Last week Halloween made us think about pumpkins. Some we eat and some we decorate. But do you know why?
The Irish brought the tradition of pumpkin carving to America. The Irish originally started carving turnips for their ancient holiday. Irish immigrants to the U.S. found pumpkins were in abundance — and much easier to carve.
Pumpkins are actually a squash that dates back to 7000 and 5500 BC. They were thought to have originated in North America. The name means “large melon” in Greek. The French adapted this word to pompon. The British changed it to pumpion and later American colonists changed the name to pumpkin.
Pumpkins are grown all over the world except Antarctica. The United States, Canada, Mexico, India and China are the biggest international producers. According to the Illinois Department of Agriculture 95 percent of the U.S. crop intended for processing is grown in Illinois.
Morton, Ill. is the self-proclaimed pumpkin capital of the world due to Libby Corporation’s pumpkin industry.

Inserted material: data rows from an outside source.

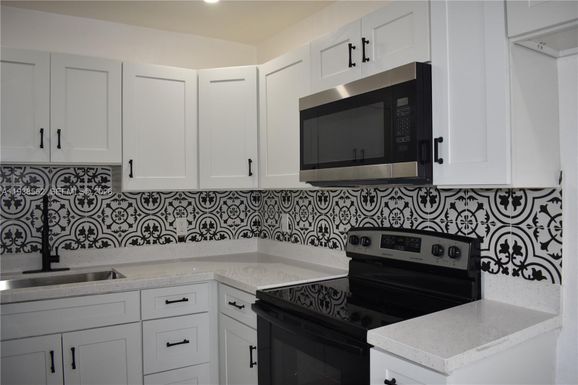 900 NW 8th Ave # 1, Pompano Beach FL 33060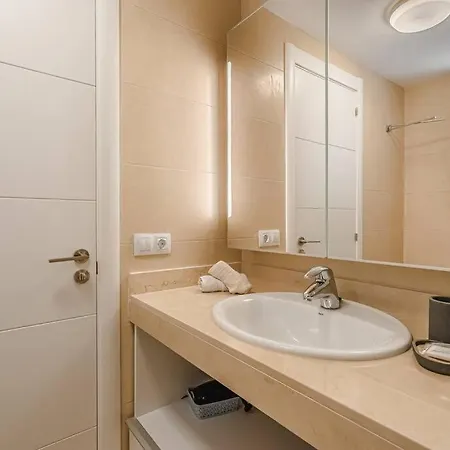 Apartment Ocean View With Ac, Pool, Playa Arena Pa05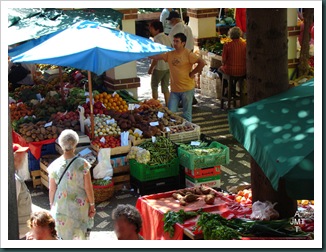 DSC03313-BIS-Funchal-marché aux fruits et légumes BW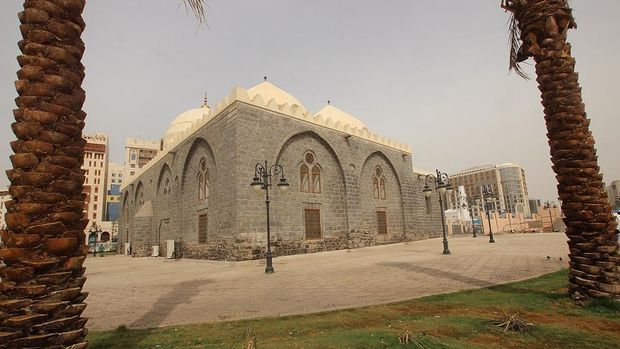 Masjid Al-Ghamamah merupakan masjid tempat Rasulullah SAW menggelar salat Id dan salat meminta hujan.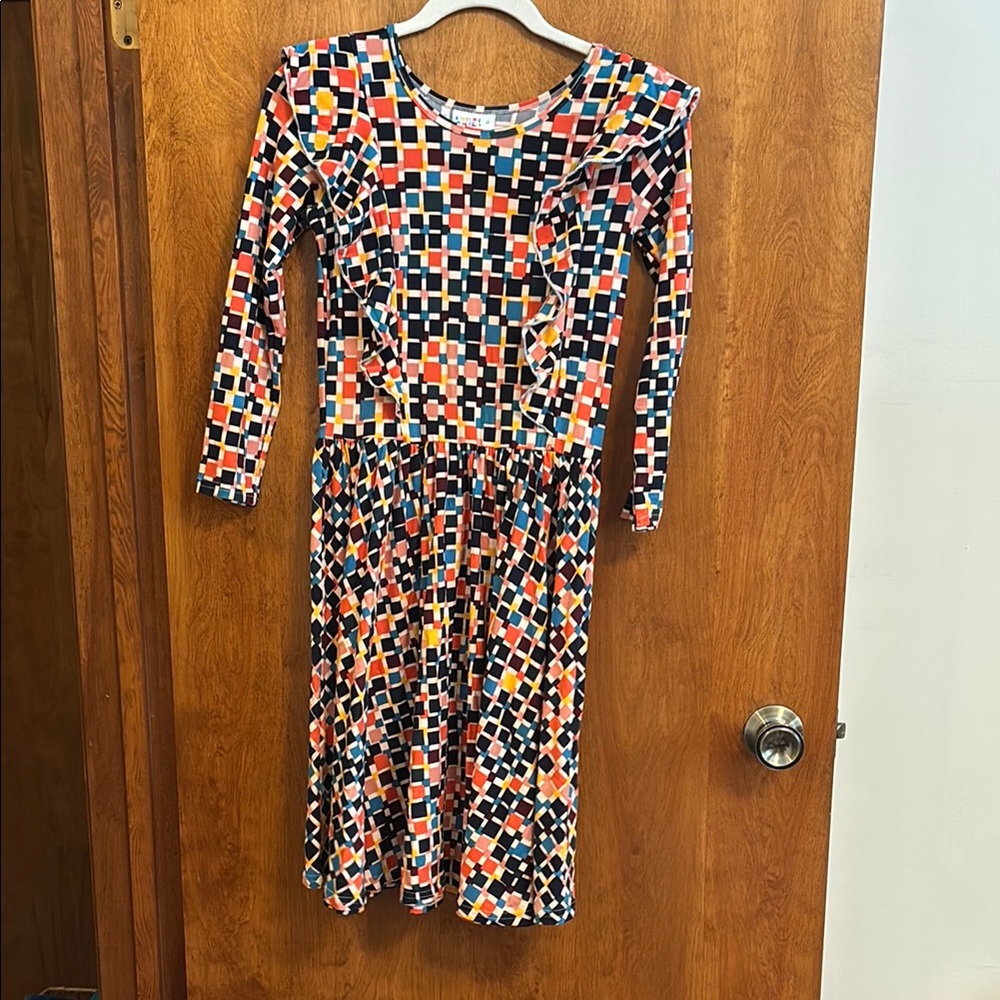Soft Dot Dot Smile girls size 11 long sleeved dress.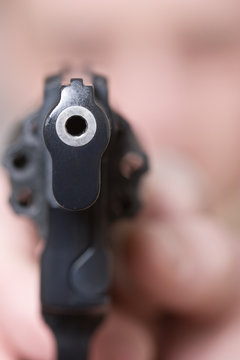 self-defense, woman with gun, at gun point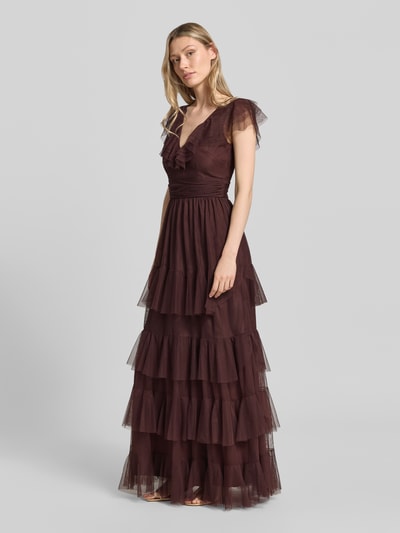 Vrouwenmodel draagt Maxikleid mit V-Ausschnitt und Taillenband van LACE & BEADS in mesh, A-lijn, laagjeslook, Ganzkörperansicht van voren.
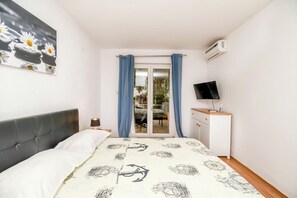 Room (S1) | Free WiFi, bed sheets - Apartments and Room Napoli (Bol)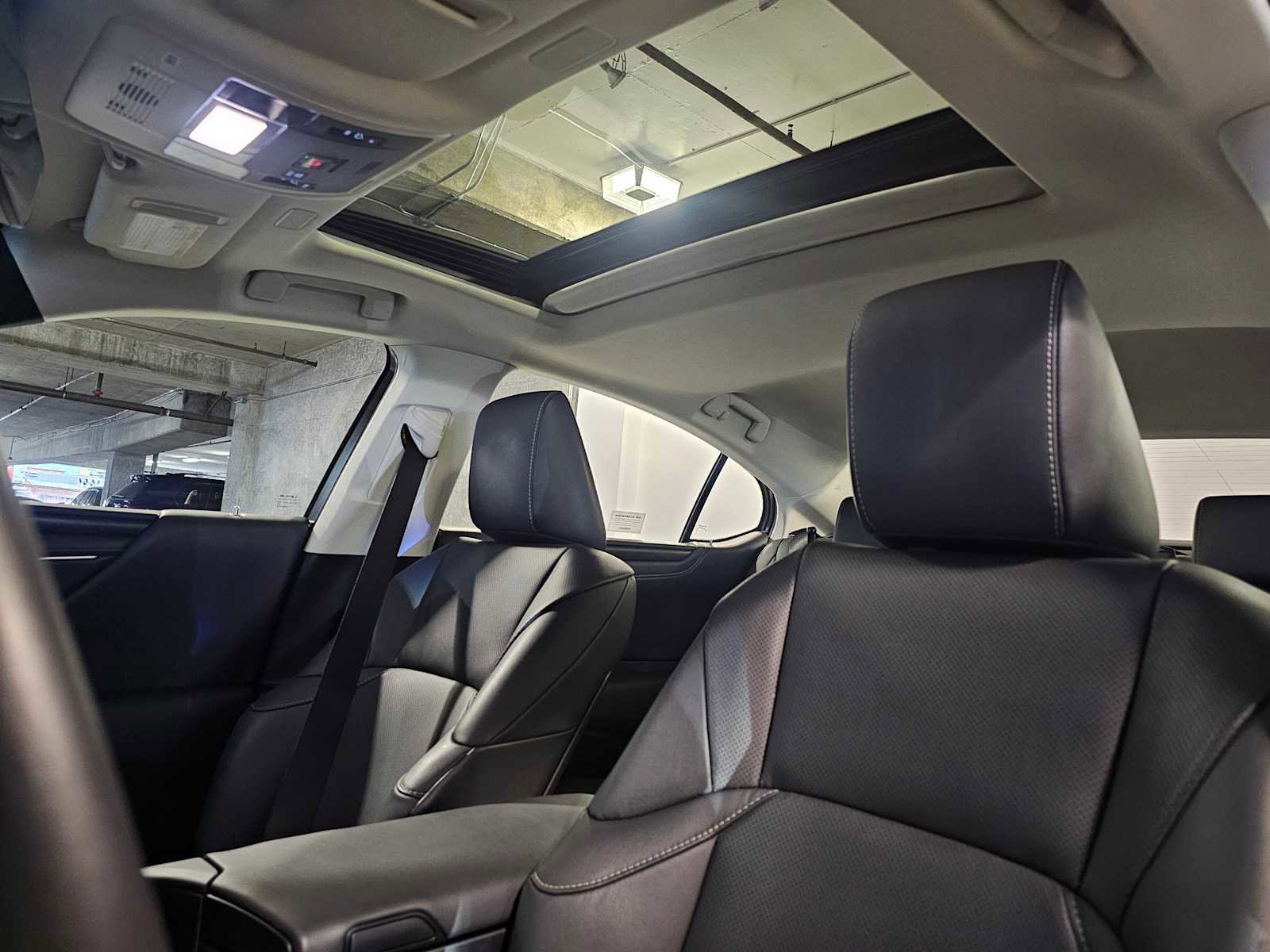 Used 2023 Lexus ES 250 w/ Premium Package image 33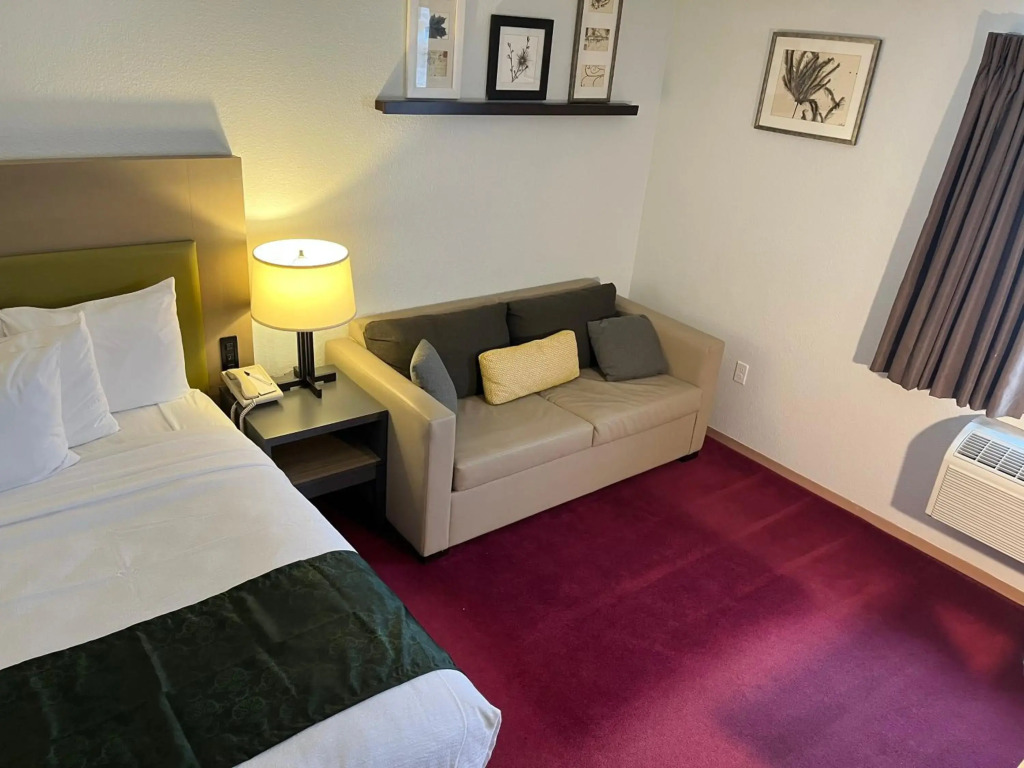 Pictured Rocks Inn and Suites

Nestle’s pumpkin packing plant processes 90 percent of the canned pumpkin eaten in the U.S.
Indiana, Ohio, Pennsylvania and California add to the 1.5 billion pounds produced every year.
Pumpkins produce male and female flowers. The honeybee plays a significant role in fertilizing most commercial plantings. One hive is used per acre. If the bees are not available the grower often pollinates by hand.
Did you know pumpkins contain potassium and vitamin A? This squash is 90 percent water. The flowers, the fleshy shell, leaves and seed are edible. The ripe pumpkin can be boiled, steamed, or roasted. Pumpkins that are a little green may be eaten the same way as zucchini.
When you buy pumpkin in a can, check the label. Commercially canned “pumpkin” puree and fillings are sometimes butternut squash and not pumpkin. If you want the true pumpkin taste, buy a pie pumpkin and slice it in half. Cover with plastic wrap and cook in the microwave for 15 to 30 minutes until the flesh is soft. It can be used for pies, cookies, puddings, or eaten with a little butter. Baking is another option. Throw the cooked pumpkin in a blender with your pie ingredients for a fast, smooth filling for your pumpkin pie.
The high fiber contained in pumpkin is sometime recommended by veterinarians for cats and dogs with digestive ailments. Raw pumpkin is added to regular food for poultry to aid in egg production.
The current record for the biggest pumpkin is held by Ron Wallace with an Atlantic Giant pumpkin weighing in at 2,009 pounds. This record was set in 2012. Is this the year for a new record?
Pumpkins are in season until Thanksgiving so take advantage of the fresh taste.